- Pine Grove Location within Oregon and the United States Pine Grove Pine Grove (the United States)
- Coordinates: 42°10′55″N 121°40′16″W﻿ / ﻿42.18194°N 121.67111°W
- Country: United States
- State: Oregon
- County: Klamath
- Elevation: 4,154 ft (1,266 m)
- Time zone: UTC-8 (Pacific (PST))
- • Summer (DST): UTC-7 (PDT)
- GNIS feature ID: 1125399

= Pine Grove, Klamath County, Oregon =

Unincorporated community in the state of Oregon, United States

Pine Grove is an unincorporated community in Klamath County, Oregon, United States. Pine Grove lies south of Oregon Route 140 just east of its interchange with Oregon Route 39 near Altamont.

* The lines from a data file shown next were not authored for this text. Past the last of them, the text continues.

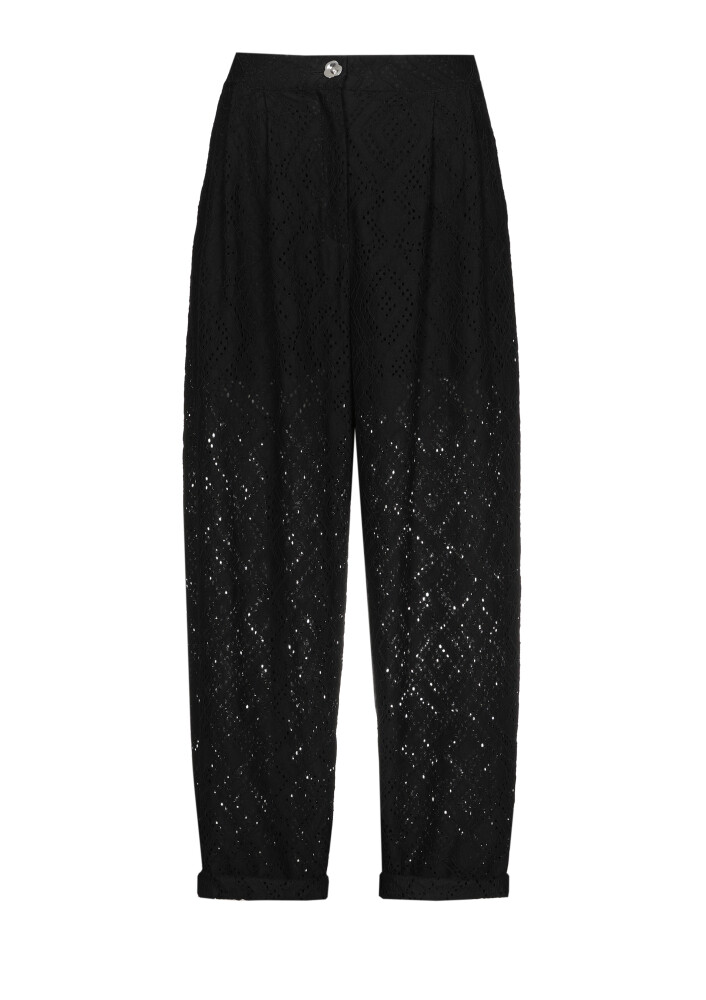 Caroline Biss - Hose TAPERED PALAZZO TROUSERS IN LACE, NORMAL WAIST, Black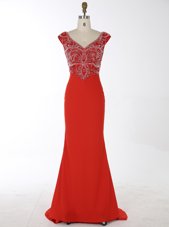 Elegant Mermaid Watermelon Red Prom Dress Prom and Party and For with Beading Scoop Sleeveless Brush Train Zipper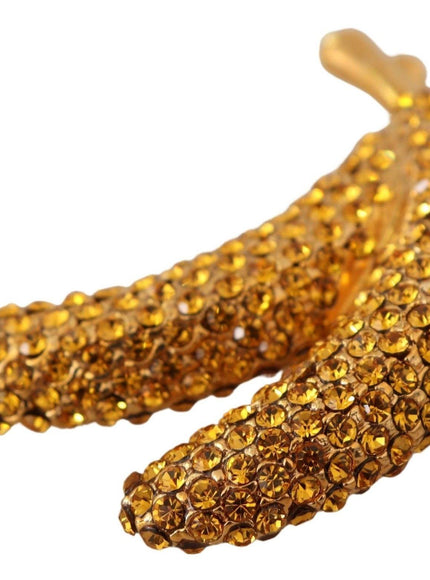 Dolce & Gabbana Gold Banana Crystal Pin Yellow Rhinestone AccentsBrooch - Ellie Belle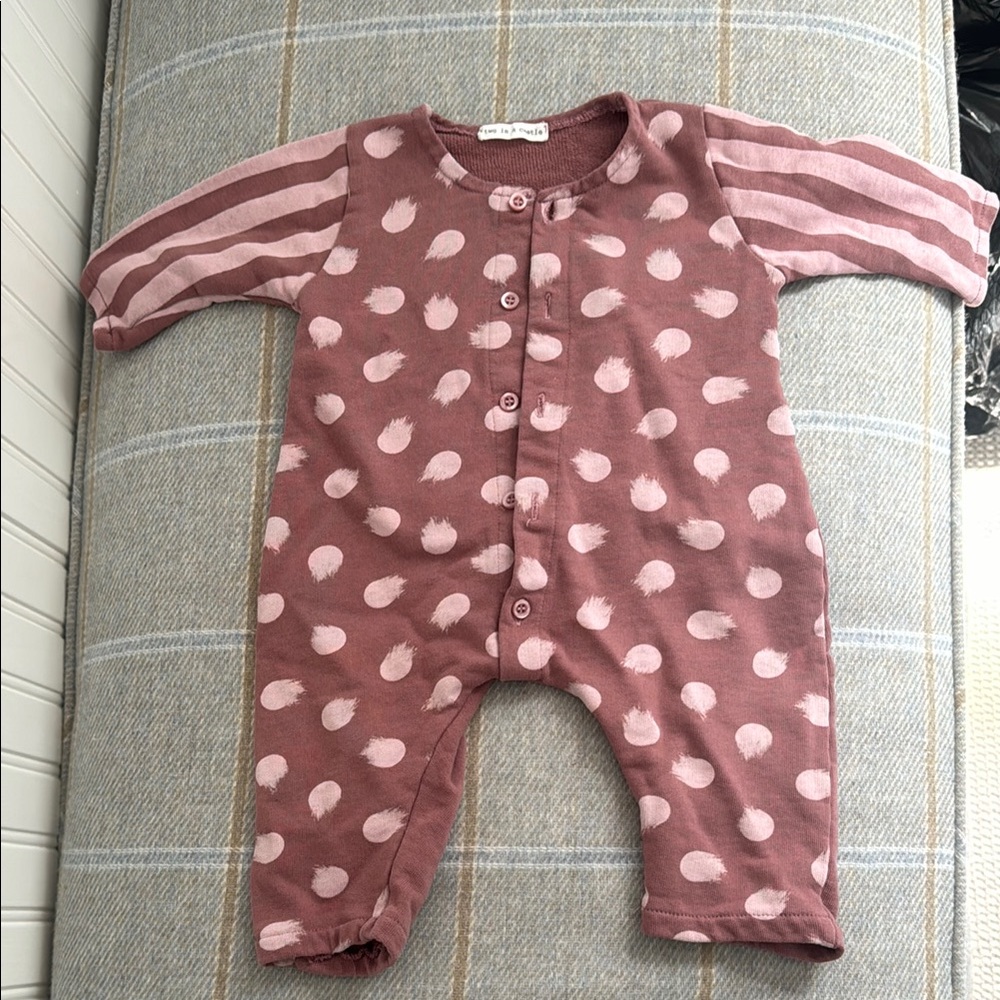 “Two in a castle” Blush color Polka Dot baby 6-9 months footless One Piece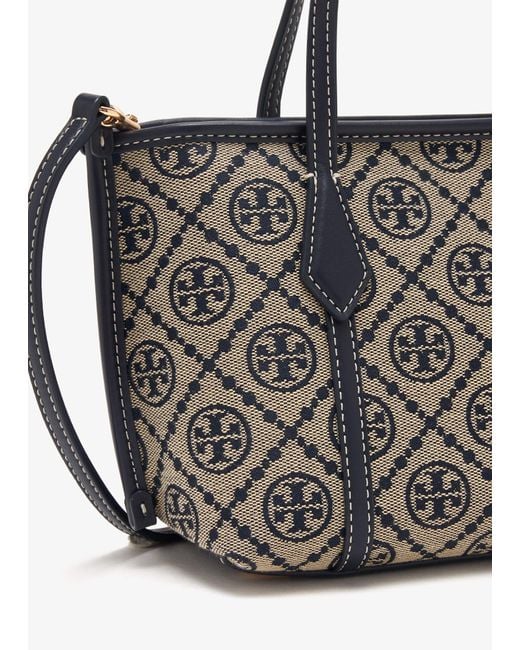 Tory Burch Blue Perry T Monogram Mini Tote Bag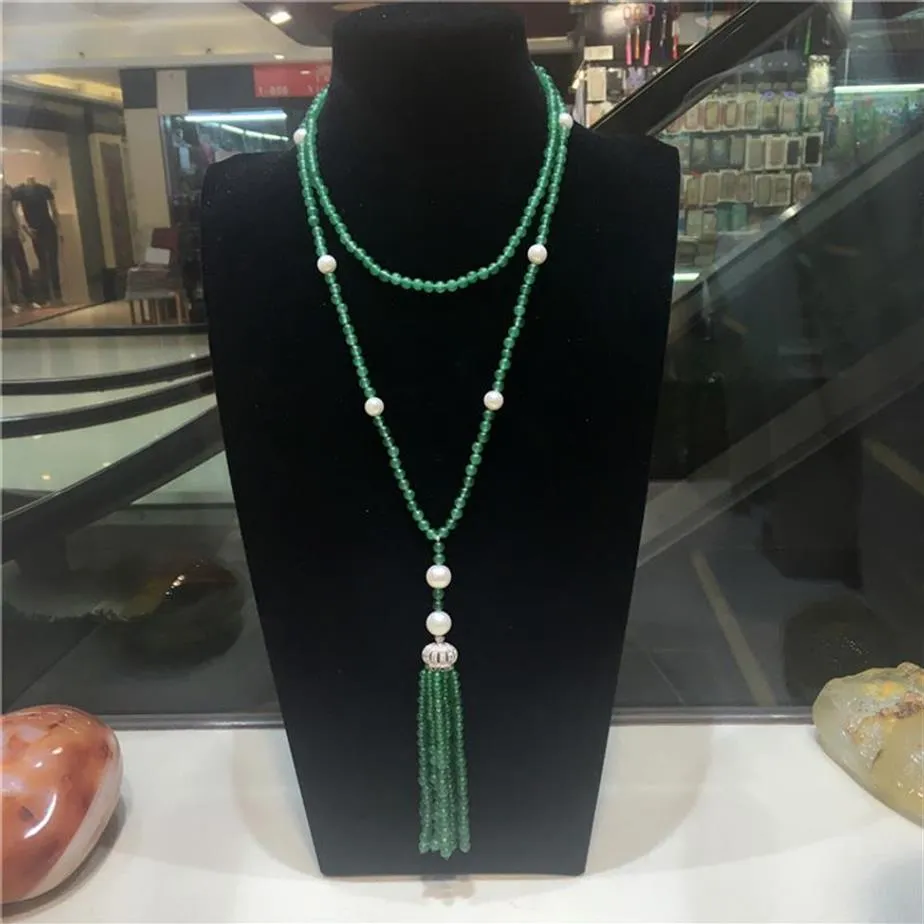 Collier long noué à la main, jade vert naturel, perle d'eau douce blanche, micro incrustation de zircon, fermoir pompon, bijoux à la mode, 230w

Pine Grove had a station on the Oregon, California and Eastern Railway, which by 1927 reached from Klamath Falls to Bly. A 1941 timetable lists Pine Grove as the third stop east of Klamath Falls between Hager and Olene.

After 1990, the rail line passing through Pine Grove became part of a rail trail, the OC&E Woods Line State Trail, managed by the Oregon Parks and Recreation Department. One of the trailheads on the 100 mi trail is at Pine Grove.